------ RAW DATA

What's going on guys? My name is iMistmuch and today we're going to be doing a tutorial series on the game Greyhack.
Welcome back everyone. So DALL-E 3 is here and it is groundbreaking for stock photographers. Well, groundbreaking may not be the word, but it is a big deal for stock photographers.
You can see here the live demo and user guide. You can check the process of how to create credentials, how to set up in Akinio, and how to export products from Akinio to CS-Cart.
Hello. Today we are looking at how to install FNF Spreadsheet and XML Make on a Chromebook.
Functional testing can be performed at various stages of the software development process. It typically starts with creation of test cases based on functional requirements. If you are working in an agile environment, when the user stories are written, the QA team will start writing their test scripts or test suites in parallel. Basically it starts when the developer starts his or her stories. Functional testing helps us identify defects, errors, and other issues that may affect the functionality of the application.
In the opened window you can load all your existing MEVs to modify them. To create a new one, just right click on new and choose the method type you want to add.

------------
------ RAW DATA

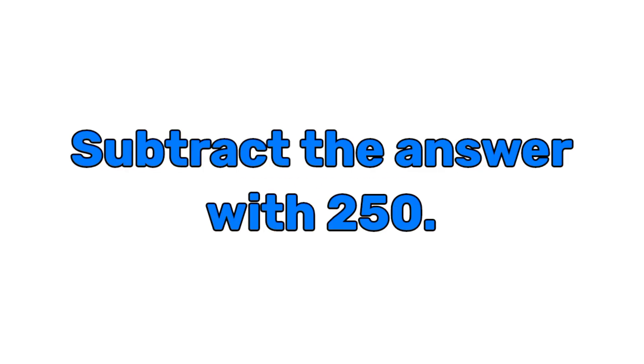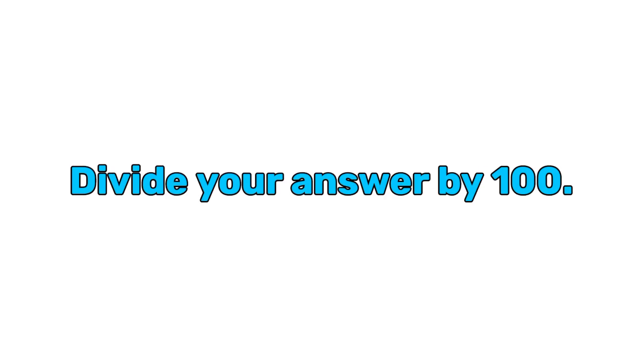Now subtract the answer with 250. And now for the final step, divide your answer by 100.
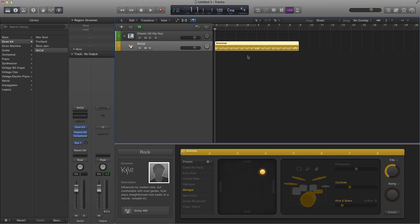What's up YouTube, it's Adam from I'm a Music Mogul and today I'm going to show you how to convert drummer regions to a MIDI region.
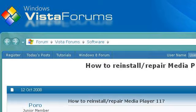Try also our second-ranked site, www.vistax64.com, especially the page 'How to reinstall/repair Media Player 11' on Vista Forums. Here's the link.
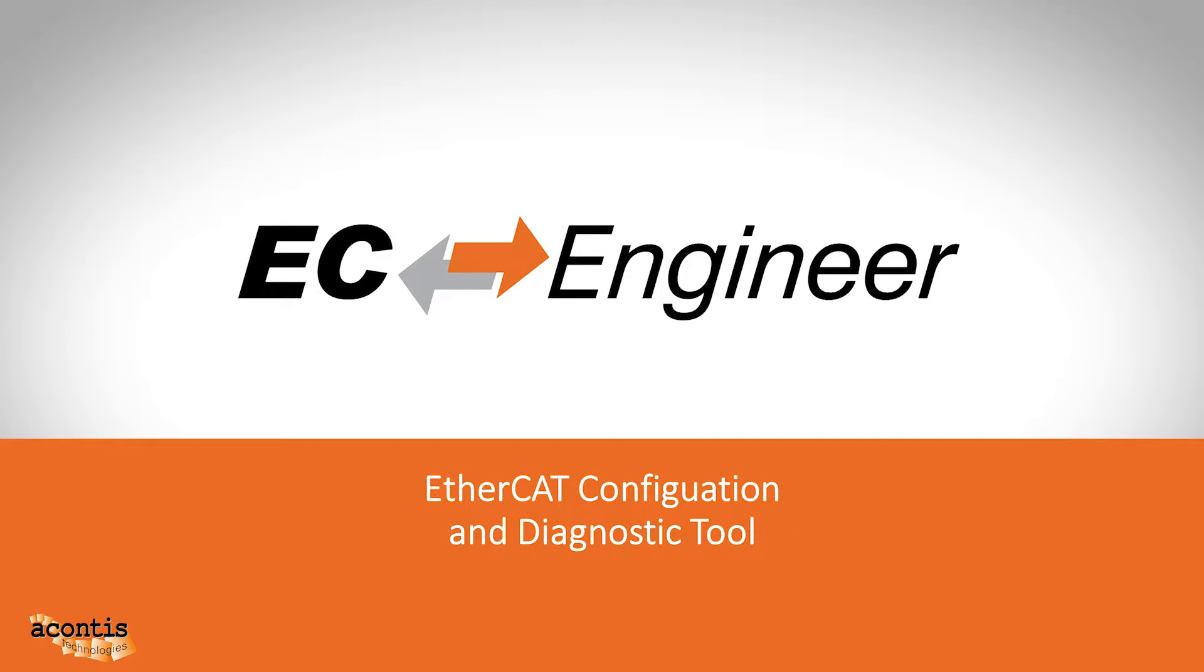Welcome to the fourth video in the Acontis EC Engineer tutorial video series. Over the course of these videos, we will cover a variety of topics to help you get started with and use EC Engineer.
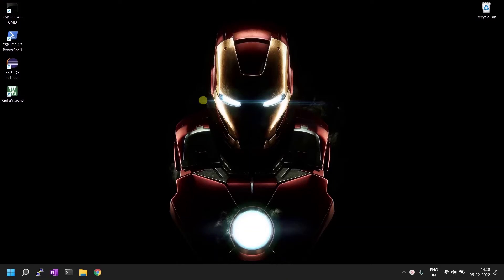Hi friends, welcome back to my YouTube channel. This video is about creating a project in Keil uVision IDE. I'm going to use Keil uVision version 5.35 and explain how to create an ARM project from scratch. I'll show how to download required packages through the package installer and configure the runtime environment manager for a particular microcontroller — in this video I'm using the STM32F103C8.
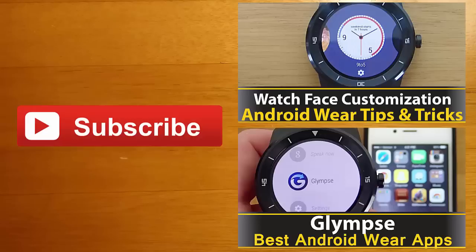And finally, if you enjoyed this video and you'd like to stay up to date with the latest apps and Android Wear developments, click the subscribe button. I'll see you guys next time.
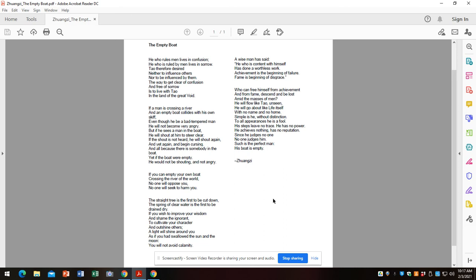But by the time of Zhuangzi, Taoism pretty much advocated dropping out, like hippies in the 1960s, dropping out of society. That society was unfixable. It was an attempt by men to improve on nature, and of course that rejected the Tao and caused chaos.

------------

DIRECTIONS FOR THIS TASK:
Within the entries above, give again exactly the lines starting at the one that contains "Now subtract the" and ending at the one that contains "But by the time", leaving out the pictures.

SOLUTION:
Now subtract the answer with 250. And now for the final step, divide your answer by 100.
What's up YouTube, it's Adam from I'm a Music Mogul and today I'm going to show you how to convert drummer regions to a MIDI region.
Try also our second-ranked site, www.vistax64.com, especially the page 'How to reinstall/repair Media Player 11' on Vista Forums. Here's the link.
Welcome to the fourth video in the Acontis EC Engineer tutorial video series. Over the course of these videos, we will cover a variety of topics to help you get started with and use EC Engineer.
Hi friends, welcome back to my YouTube channel. This video is about creating a project in Keil uVision IDE. I'm going to use Keil uVision version 5.35 and explain how to create an ARM project from scratch. I'll show how to download required packages through the package installer and configure the runtime environment manager for a particular microcontroller — in this video I'm using the STM32F103C8.
And finally, if you enjoyed this video and you'd like to stay up to date with the latest apps and Android Wear developments, click the subscribe button. I'll see you guys next time.
But by the time of Zhuangzi, Taoism pretty much advocated dropping out, like hippies in the 1960s, dropping out of society. That society was unfixable. It was an attempt by men to improve on nature, and of course that rejected the Tao and caused chaos.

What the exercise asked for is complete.